---------- RECORDS TO USE

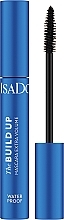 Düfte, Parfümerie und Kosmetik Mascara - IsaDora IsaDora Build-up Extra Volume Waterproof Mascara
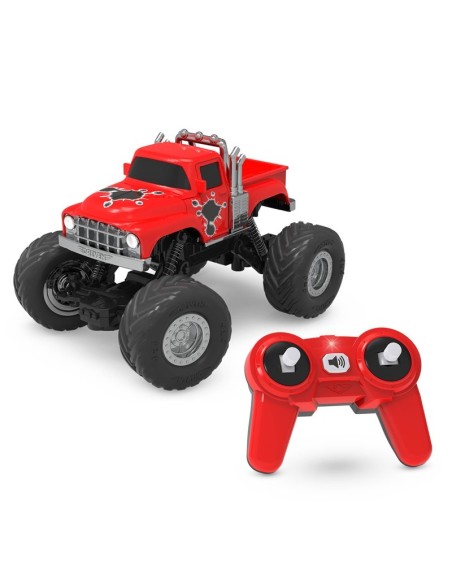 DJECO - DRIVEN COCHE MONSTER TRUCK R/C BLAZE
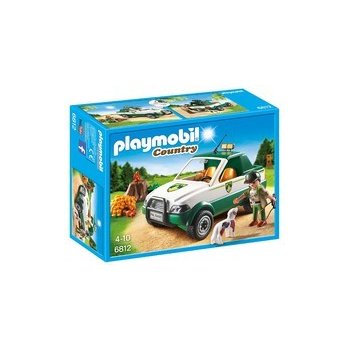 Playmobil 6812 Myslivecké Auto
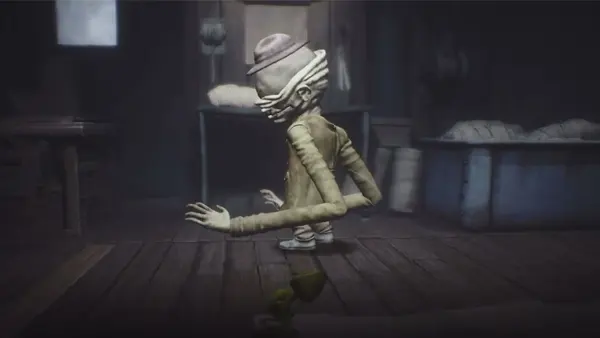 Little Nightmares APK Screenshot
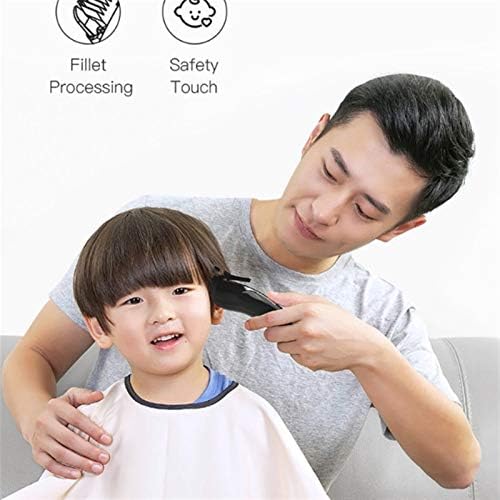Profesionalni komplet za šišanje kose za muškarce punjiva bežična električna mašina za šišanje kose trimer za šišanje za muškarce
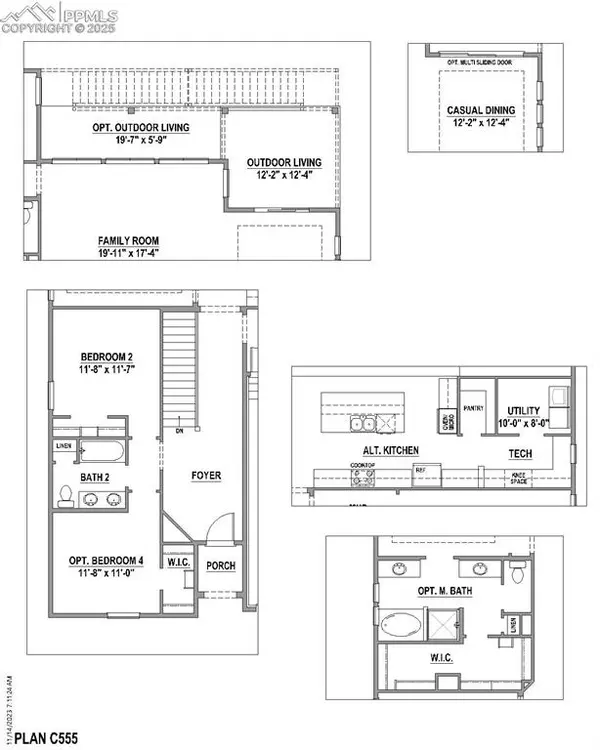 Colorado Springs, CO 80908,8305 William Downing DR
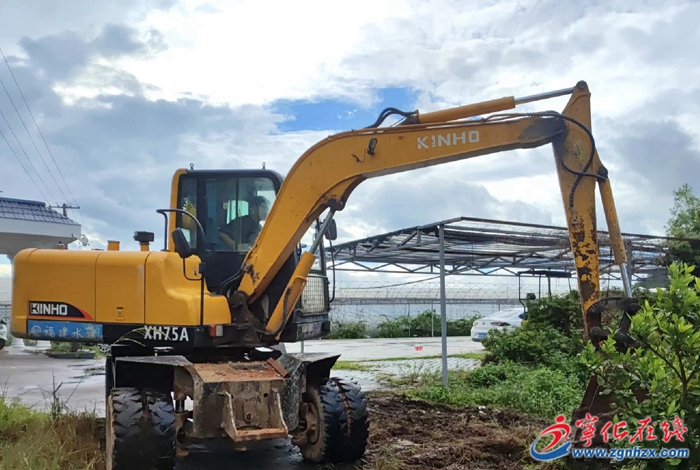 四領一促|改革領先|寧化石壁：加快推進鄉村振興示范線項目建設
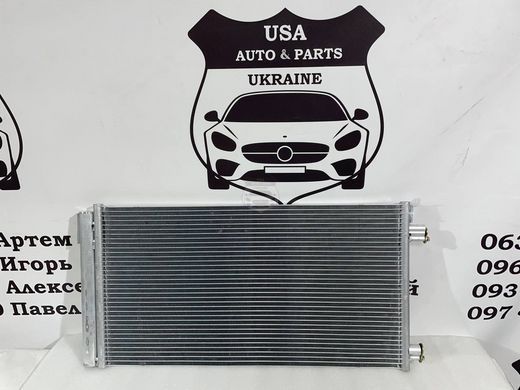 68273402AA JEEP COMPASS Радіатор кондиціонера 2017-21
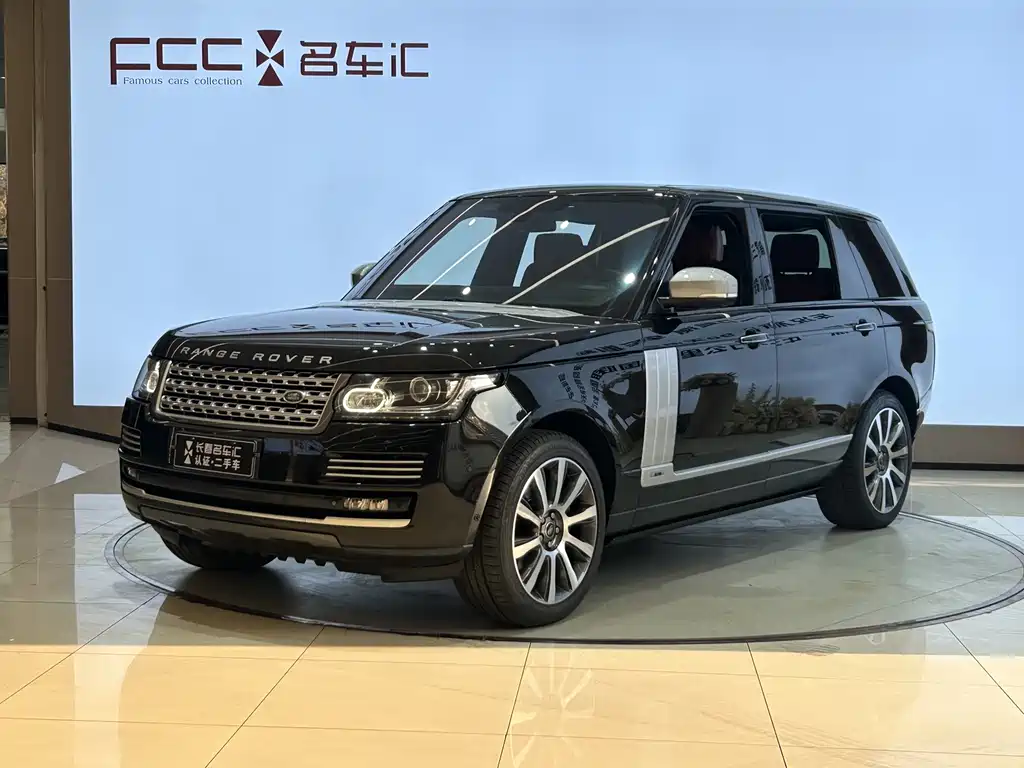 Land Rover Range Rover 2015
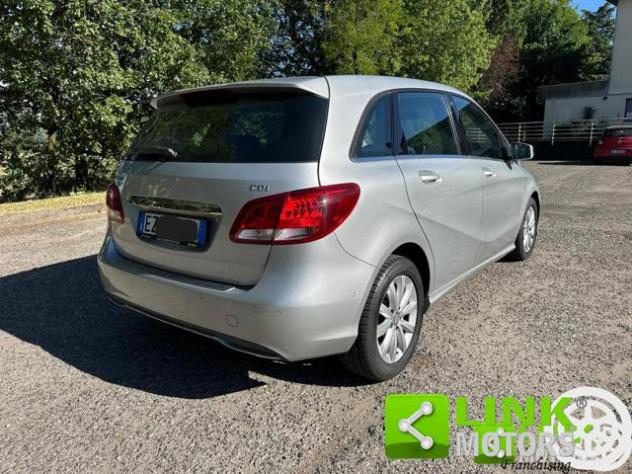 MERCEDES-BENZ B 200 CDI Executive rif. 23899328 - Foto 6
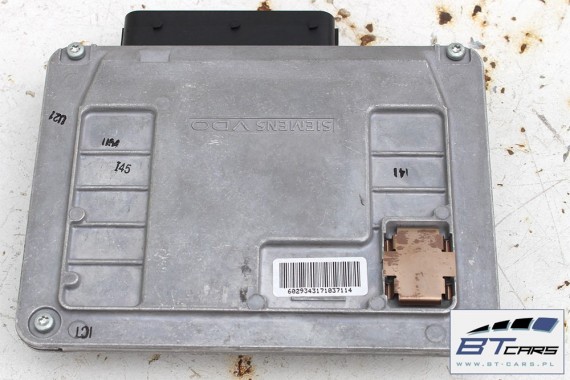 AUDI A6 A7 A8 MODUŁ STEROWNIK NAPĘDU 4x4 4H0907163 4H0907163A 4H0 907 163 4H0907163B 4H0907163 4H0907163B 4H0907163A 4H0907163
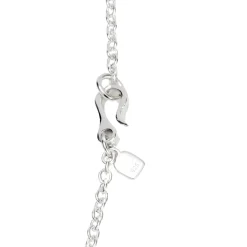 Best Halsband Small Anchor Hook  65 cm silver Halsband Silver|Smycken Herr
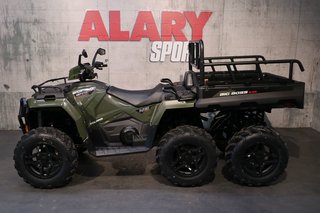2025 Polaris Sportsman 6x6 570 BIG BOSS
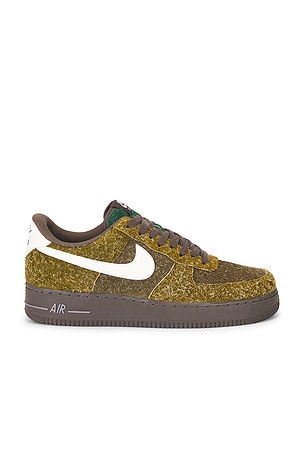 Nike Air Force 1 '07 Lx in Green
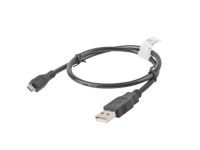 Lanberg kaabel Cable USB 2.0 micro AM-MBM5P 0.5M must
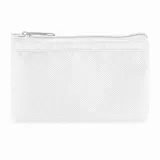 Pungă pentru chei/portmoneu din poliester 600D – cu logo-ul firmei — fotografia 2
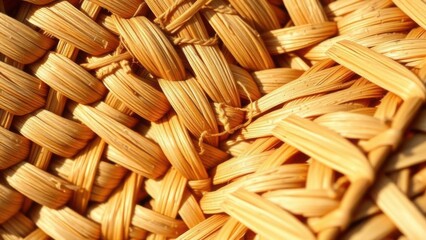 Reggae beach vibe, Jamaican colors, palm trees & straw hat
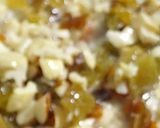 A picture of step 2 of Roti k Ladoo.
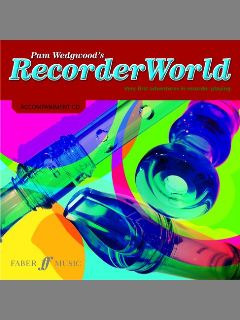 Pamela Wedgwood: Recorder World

--------------------
---------- RECORDS TO USE

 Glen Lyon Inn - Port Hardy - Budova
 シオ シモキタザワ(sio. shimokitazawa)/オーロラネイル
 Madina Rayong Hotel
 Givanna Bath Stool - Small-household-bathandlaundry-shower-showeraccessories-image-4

--------------------
---------- RECORDS TO USE

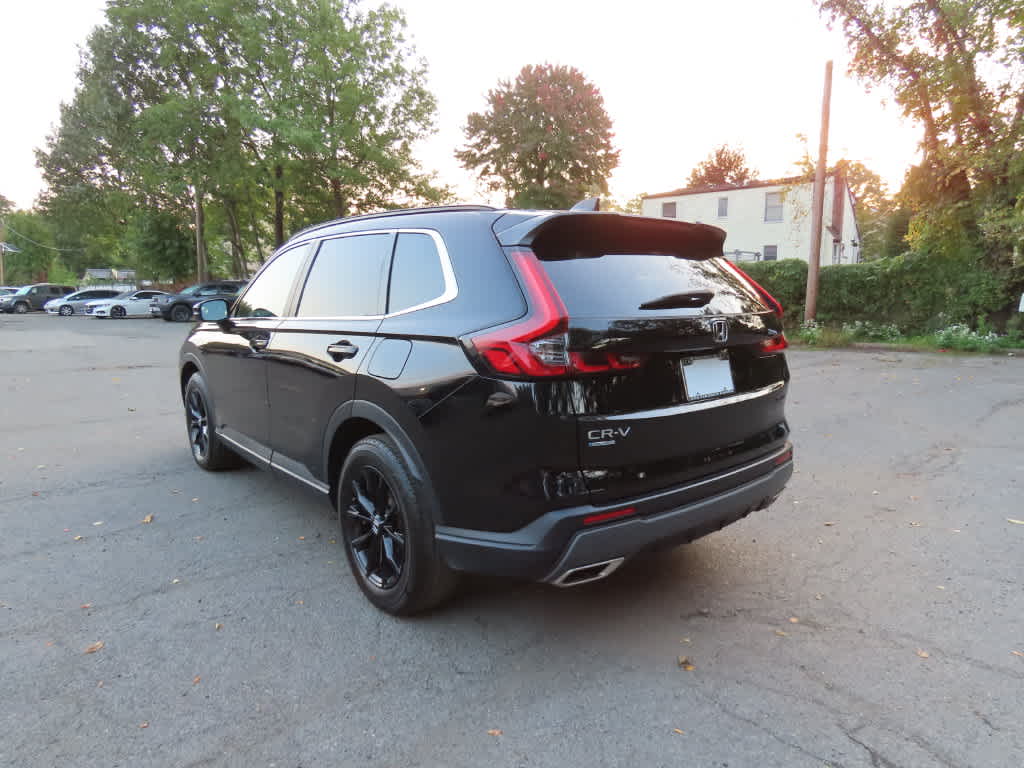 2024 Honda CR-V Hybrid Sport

--------------------

◆ **WORK INSTRUCTIONS**: Reproduce exactly the lines of the records above from the one with "Glen Lyon Inn - Port Hardy - Budova" to the one with "Givanna Bath Stool", both included, and leave out everything else.

◆ **THE COMPLETED TASK**:
 Glen Lyon Inn - Port Hardy - Budova
 シオ シモキタザワ(sio. shimokitazawa)/オーロラネイル
 Madina Rayong Hotel
 Givanna Bath Stool - Small-household-bathandlaundry-shower-showeraccessories-image-4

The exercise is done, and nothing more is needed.